After finding the line containing "YATO Pilník zámočnícky" below, please output that line and each following one through the line containing "Elgyem #55 — Vitórias Nobres (Reverse Holo)", exactly as written.

> _Records from a dataset_:
=== Section Start ===
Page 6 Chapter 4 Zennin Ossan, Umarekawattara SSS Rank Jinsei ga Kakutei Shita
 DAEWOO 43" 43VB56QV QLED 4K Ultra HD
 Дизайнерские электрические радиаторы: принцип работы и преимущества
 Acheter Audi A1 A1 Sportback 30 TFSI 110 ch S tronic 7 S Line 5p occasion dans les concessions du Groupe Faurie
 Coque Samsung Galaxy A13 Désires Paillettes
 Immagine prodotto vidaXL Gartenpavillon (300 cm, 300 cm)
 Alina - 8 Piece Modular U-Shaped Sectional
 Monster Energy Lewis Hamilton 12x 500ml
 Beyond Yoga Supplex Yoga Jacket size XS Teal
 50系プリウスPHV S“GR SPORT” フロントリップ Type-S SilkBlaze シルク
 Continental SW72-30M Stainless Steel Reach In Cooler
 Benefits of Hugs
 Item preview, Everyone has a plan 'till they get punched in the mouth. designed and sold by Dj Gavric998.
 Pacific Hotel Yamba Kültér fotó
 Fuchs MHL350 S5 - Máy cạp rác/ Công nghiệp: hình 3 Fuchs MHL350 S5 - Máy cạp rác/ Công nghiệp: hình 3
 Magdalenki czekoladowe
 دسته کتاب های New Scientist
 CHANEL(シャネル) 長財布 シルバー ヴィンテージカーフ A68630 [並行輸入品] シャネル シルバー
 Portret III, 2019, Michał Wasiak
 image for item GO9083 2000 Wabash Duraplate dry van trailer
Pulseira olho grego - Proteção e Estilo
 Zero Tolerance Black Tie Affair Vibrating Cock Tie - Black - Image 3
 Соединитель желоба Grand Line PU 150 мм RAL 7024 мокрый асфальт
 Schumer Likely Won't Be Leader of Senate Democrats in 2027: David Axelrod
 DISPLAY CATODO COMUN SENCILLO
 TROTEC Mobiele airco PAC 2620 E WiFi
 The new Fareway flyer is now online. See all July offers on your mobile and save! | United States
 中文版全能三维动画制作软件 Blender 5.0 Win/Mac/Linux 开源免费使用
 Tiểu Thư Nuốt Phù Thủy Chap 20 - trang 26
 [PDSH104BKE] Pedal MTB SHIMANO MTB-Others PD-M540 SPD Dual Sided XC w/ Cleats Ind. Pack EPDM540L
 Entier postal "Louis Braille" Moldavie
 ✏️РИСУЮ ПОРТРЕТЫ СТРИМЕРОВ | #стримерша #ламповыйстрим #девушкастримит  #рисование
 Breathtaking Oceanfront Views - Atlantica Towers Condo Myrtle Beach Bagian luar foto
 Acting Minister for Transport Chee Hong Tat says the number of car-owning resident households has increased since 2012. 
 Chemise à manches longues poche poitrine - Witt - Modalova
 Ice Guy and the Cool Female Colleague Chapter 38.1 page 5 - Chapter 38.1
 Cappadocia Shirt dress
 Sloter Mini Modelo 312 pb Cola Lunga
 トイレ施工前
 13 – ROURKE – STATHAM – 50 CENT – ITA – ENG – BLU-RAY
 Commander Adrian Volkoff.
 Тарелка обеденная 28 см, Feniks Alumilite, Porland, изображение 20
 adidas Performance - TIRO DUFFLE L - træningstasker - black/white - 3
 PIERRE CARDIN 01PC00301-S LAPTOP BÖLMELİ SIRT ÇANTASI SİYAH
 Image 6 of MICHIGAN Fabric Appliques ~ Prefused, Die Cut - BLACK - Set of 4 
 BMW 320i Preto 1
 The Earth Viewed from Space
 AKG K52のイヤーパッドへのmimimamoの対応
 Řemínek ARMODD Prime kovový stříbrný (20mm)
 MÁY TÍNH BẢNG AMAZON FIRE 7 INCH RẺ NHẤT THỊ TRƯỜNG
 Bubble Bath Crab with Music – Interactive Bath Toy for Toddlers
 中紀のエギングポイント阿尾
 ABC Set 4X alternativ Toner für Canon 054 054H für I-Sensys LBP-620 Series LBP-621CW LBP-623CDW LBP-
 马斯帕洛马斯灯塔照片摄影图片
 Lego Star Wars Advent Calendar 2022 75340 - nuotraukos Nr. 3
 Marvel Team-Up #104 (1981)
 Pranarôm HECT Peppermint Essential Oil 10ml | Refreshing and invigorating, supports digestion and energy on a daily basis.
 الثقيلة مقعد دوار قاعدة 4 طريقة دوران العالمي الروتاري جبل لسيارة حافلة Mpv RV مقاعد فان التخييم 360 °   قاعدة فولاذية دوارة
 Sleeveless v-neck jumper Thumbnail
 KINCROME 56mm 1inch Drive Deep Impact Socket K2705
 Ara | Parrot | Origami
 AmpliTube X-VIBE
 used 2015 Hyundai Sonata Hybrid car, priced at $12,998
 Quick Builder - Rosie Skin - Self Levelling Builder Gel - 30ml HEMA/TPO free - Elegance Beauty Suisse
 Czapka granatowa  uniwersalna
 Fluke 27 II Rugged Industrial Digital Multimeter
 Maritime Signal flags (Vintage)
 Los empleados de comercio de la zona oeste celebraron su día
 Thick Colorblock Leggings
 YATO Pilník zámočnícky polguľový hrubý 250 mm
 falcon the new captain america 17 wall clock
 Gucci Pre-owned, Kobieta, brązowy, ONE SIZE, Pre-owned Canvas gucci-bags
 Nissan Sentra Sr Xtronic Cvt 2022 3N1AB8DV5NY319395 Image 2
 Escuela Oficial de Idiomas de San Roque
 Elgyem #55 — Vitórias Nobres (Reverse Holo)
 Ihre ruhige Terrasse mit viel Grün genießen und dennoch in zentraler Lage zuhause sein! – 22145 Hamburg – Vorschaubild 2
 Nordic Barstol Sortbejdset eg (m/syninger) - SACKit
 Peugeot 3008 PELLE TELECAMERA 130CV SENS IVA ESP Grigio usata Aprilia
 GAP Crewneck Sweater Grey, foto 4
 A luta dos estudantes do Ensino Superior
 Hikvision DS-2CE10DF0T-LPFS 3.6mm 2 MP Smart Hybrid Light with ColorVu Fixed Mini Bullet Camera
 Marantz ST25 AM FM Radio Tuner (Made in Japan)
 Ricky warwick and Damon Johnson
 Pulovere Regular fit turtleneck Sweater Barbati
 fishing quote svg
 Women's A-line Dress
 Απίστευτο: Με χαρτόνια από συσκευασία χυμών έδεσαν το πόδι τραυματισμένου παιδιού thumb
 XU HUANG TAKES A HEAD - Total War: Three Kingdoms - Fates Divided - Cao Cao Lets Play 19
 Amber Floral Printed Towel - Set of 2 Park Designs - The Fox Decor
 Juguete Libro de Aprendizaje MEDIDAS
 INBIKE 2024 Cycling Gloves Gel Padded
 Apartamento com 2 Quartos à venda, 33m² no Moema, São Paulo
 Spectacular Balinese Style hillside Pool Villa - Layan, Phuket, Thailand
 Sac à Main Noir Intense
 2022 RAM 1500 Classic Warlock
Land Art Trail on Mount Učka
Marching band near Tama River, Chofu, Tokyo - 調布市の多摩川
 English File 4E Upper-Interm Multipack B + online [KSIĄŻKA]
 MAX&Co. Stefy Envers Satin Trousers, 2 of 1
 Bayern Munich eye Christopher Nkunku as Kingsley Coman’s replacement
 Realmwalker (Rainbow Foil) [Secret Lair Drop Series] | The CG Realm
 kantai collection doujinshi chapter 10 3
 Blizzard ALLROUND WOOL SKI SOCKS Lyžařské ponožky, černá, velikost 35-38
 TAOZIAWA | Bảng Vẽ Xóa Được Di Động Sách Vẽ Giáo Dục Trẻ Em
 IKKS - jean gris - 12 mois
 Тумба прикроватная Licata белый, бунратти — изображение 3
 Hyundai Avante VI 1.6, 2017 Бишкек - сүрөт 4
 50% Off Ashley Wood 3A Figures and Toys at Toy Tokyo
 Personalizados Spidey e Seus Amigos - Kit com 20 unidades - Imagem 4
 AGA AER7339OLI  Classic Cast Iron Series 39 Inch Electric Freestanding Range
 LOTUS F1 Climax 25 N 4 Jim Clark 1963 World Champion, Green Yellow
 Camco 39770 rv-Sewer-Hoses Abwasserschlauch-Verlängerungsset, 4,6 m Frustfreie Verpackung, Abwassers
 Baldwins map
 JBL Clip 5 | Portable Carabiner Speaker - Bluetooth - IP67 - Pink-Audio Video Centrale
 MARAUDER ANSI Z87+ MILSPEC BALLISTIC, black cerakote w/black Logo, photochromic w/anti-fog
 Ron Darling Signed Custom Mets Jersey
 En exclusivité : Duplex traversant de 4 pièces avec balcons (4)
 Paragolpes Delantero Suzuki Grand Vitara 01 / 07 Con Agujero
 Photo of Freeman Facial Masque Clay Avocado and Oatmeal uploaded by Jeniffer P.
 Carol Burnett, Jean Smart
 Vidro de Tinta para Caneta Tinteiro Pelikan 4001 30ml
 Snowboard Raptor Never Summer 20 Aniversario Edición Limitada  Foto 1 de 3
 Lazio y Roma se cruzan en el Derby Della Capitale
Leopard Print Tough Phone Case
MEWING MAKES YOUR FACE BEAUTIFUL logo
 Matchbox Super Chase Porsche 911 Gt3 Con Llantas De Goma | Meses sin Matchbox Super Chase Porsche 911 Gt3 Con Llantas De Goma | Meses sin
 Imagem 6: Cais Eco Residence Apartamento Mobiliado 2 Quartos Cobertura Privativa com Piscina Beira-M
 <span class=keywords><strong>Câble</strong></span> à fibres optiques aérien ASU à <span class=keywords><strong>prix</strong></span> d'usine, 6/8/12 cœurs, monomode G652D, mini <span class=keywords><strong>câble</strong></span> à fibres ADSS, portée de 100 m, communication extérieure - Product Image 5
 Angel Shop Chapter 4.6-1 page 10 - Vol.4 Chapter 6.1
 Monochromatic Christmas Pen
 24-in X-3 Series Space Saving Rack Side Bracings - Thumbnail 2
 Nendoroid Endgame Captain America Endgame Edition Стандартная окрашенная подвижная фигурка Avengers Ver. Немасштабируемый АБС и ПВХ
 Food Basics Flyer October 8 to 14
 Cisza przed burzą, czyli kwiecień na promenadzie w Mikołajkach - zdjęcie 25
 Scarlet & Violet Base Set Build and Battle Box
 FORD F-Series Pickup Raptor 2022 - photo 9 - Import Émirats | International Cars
=== Section End ===
> _Answer to this problem_:
 YATO Pilník zámočnícky polguľový hrubý 250 mm
 falcon the new captain america 17 wall clock
 Gucci Pre-owned, Kobieta, brązowy, ONE SIZE, Pre-owned Canvas gucci-bags
 Nissan Sentra Sr Xtronic Cvt 2022 3N1AB8DV5NY319395 Image 2
 Escuela Oficial de Idiomas de San Roque
 Elgyem #55 — Vitórias Nobres (Reverse Holo)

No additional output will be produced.